Vaciló unos instantes, pero la verdad era que no tenía otra opción. Si se movía en silencio, quizá lo consiguiera. Respiró hondo, subió la pierna izquierda sobre la barra central y se empujó con la derecha. Después, pedaleó con fuerza. Al pasar junto al Rover, avanzando cada vez más rápido, la bicicleta empezó a hacer un ruido terrible.

Lassiter miró la rueda trasera. El dueño había sujetado un as de picas a la bicicleta con una pinza para colgar la ropa, de tal manera que los radios golpeaban ruidosamente contra el naipe cuando la rueda giraba. ¡Mierda!

Dejó el Rover atrás y avanzó hacia la salida del aparcamiento. Salvado. O al menos eso pensaba hasta que oyó el ruido del motor al ponerse en marcha. Miró hacia atrás y vio encenderse los faros. Un momento después, el Rover empezó a seguirlo. Lassiter ya estaba fuera del aparcamiento y pedaleaba furiosamente. La carretera giraba alrededor de la montaña, como un sacacorchos, dibujando una espiral descendente hasta la llanura. Era un torbellino de fuerzas centrífugas. No podía saber a qué velocidad iba, pero era de vértigo. El Rover estaba a suficiente distancia para que Lassiter sólo pudiera ver la luz de sus faros. A mitad del descenso, no le había ganado nada de terreno.

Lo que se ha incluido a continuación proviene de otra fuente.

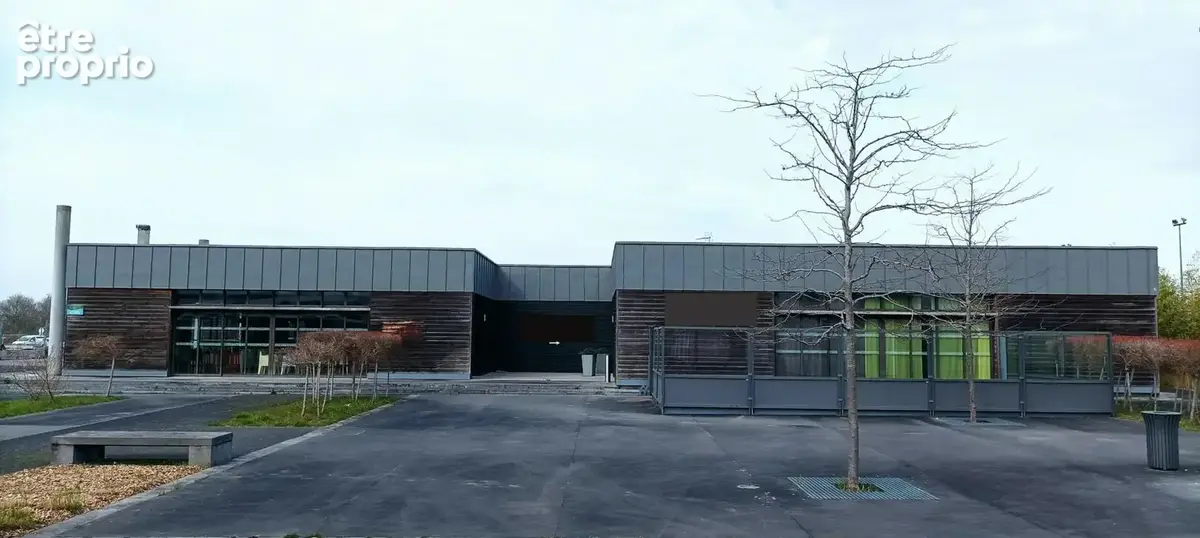Commerce 1 400 m² à vendre à Colombelles (14460) - photo 3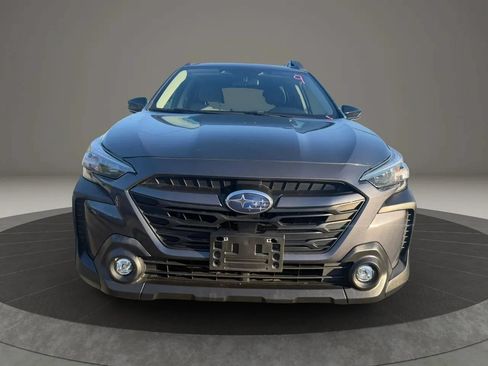 Used 2023 Subaru Outback Premium AWD/4WD image 2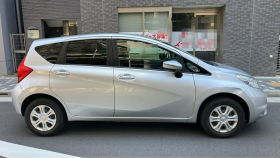 外装右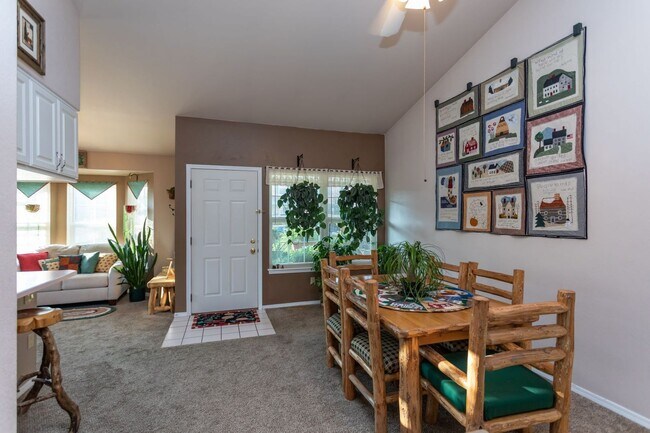 Building Photo - 111 Iveystone Ct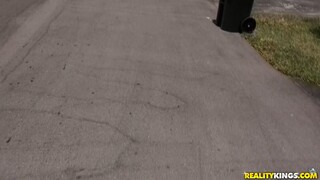 Сексуальные красотки в порно -  Skinny Blonde Gets Facial Cum  HOT-GIRLS-PORN.COM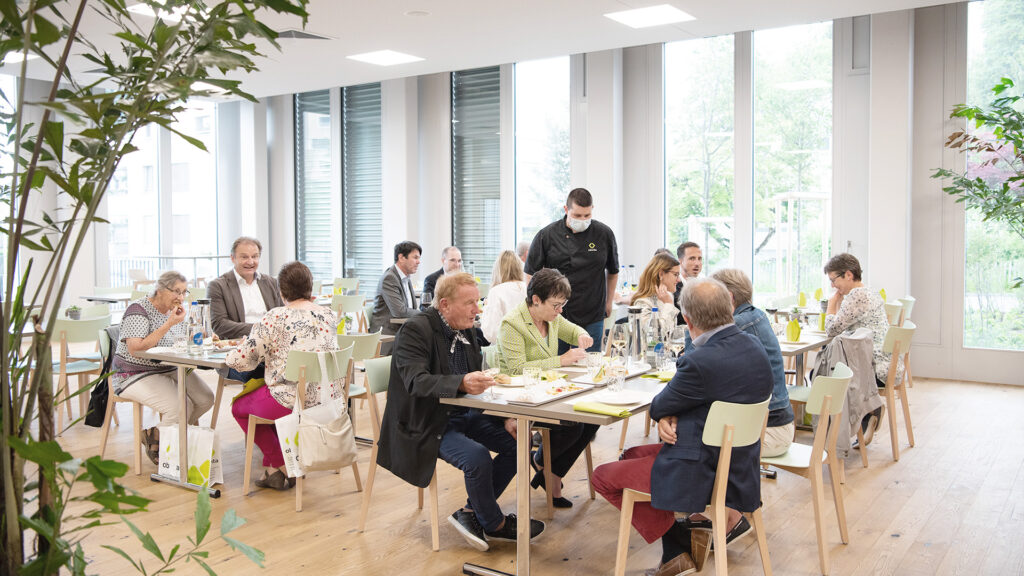 Ausklang mit einem feinen Apéro im viktors.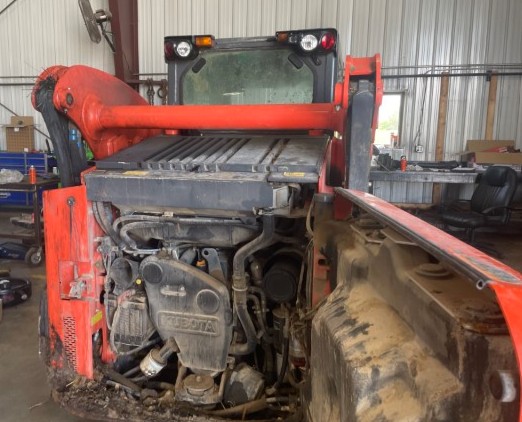 2022 Kubota SSV75 Skid Steer - Image 3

Lassiter se limitaba a inclinarse en las curvas y a frenar un poco cuando la velocidad era excesiva, dejando que la gravedad hiciera el resto del trabajo y rogando a Dios que no lo mandara disparado por el precipicio. El corazón le latía con fuerza, el viento hacía que le llorasen los ojos y el naipe producía un fuerte zumbido contra los radios de la rueda trasera.